Friedrich-Wilhelm Kramer wies gegenüber dem Landesrundfunkrat darauf hin, dass der NDR die Staatsanwaltschaft weiter in jeder Hinsicht unterstütze. Man wisse jetzt, dass der ehemalige Fernsehredakteur Rapior eine ganze Reihe von Beraterverträgen abgeschlossen hatte und zum Beispiel bei der Damp Holding in einer Leistungsbilanz Berichte auflistete, mit denen er gar nichts zu tun hatte. Der NDR habe von den Beraterverträgen und den Medientrainings keine Kenntnis gehabt und sei bewusst getäuscht worden, so Kramer. Für den Landesrundfunkrat ergänzte der Vorsitzende Peter Eichstädt, dass auch die Rolle der Unternehmen und Institutionen kritisch zu bewerten sei, die Geldzahlungen an Rapior geleistet hätten.

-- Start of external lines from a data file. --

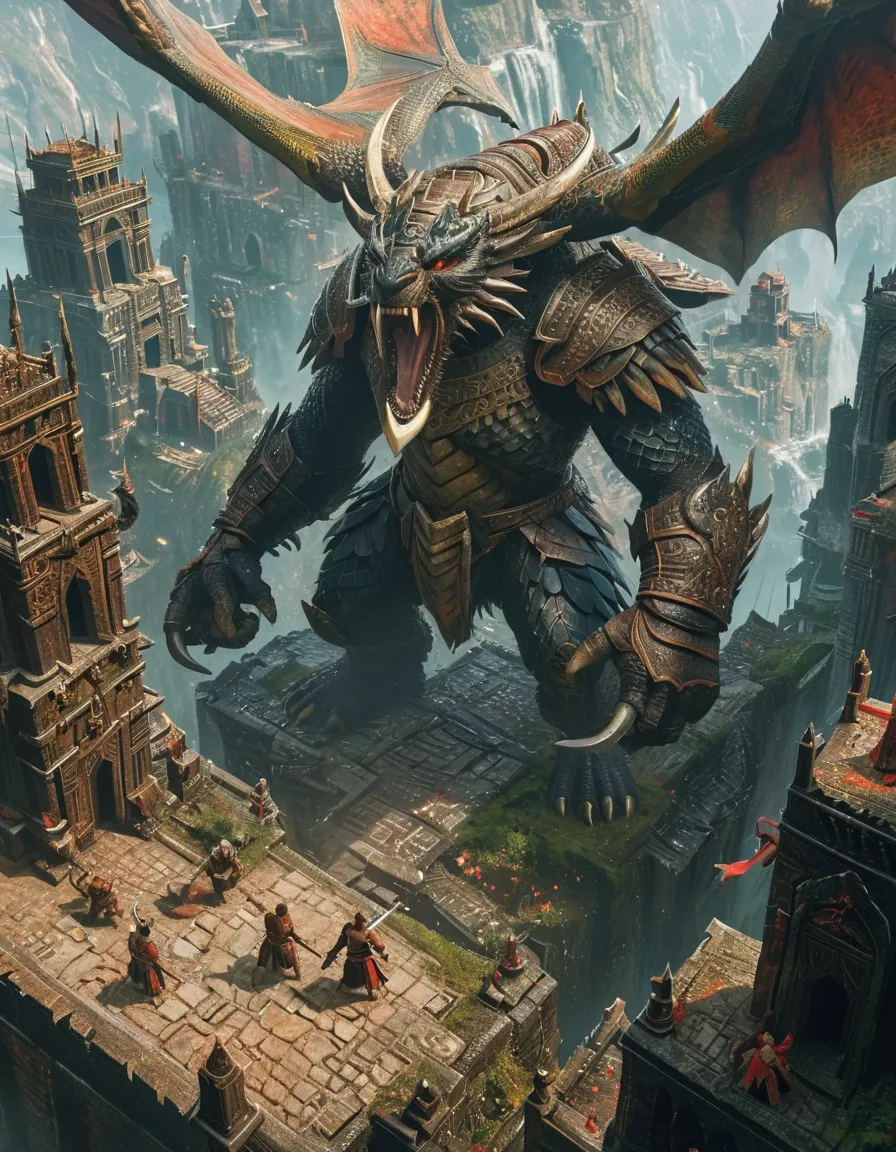 Bird eye view, full body of a warrior with a giant axe defending himself against a character fusion between Dragonfly and large creature who is lunging at him with their mouth wide open.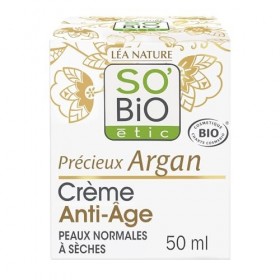 SOBIO ETIC – Crème Jour Anti-Âge Hydratante à l’Argan Bio, Texture Riche et Nourrissante 50 mL - Lot de 2 - vendu par Lot
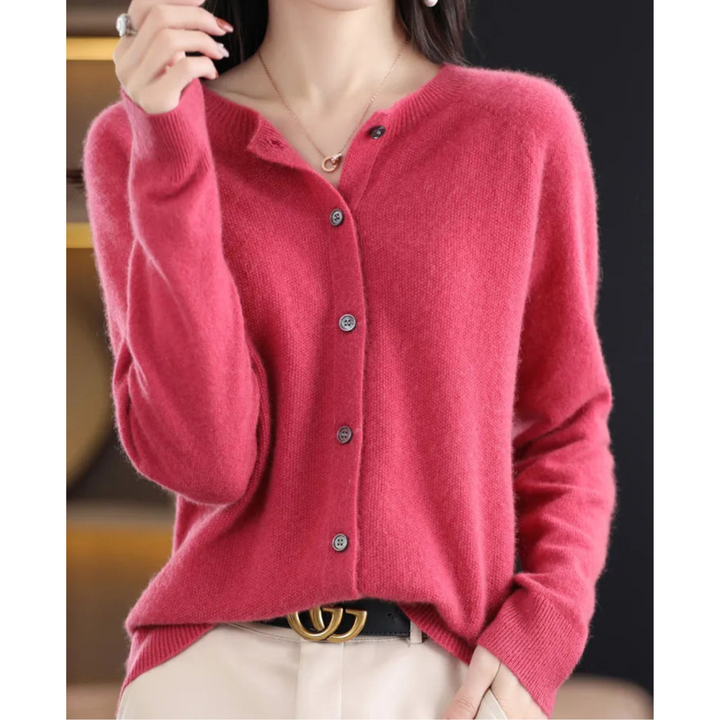 Cardigan til damer i merinould og kashmir – elegant vinterstrik med rund hals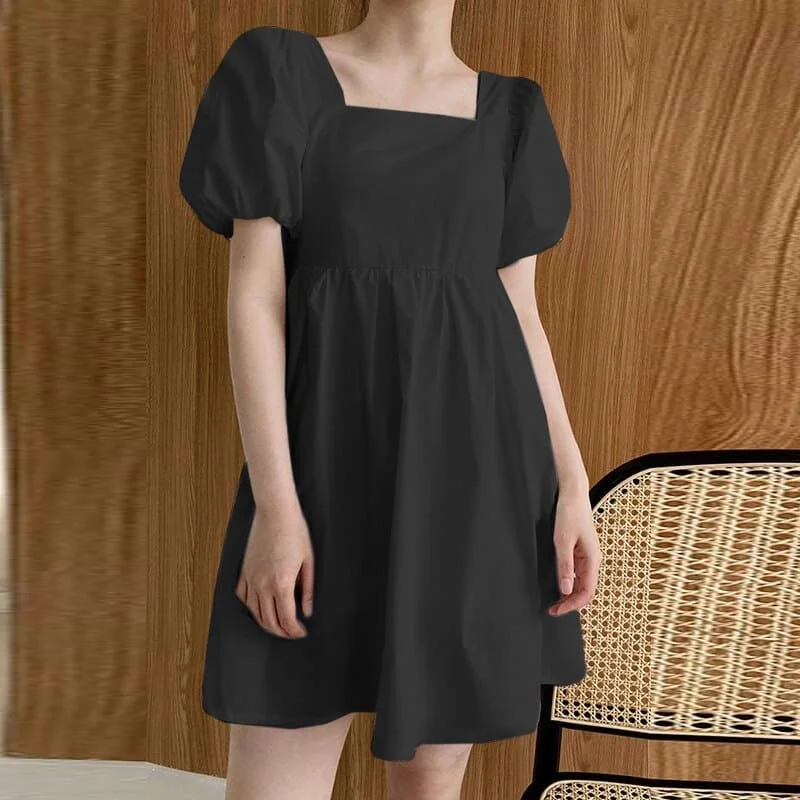 Women's Summer Casual Short Dress with Puff Sleeves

Die Staatsanwaltschaft Kiel ermittelt gegen Gerd Rapior wegen des Verdachts der Bestechlichkeit und sieht den ehemaligen NDR Redakteur wegen seiner Beschäftigung beim öffentlich-rechtlichen Rundfunk als Amtsträger. Rapior hat seine Verfehlungen bezüglich der nicht genehmigten Nebentätigkeiten eingeräumt und sich dafür entschuldigt. Den Vorwurf der Bestechlichkeit weist er zurück.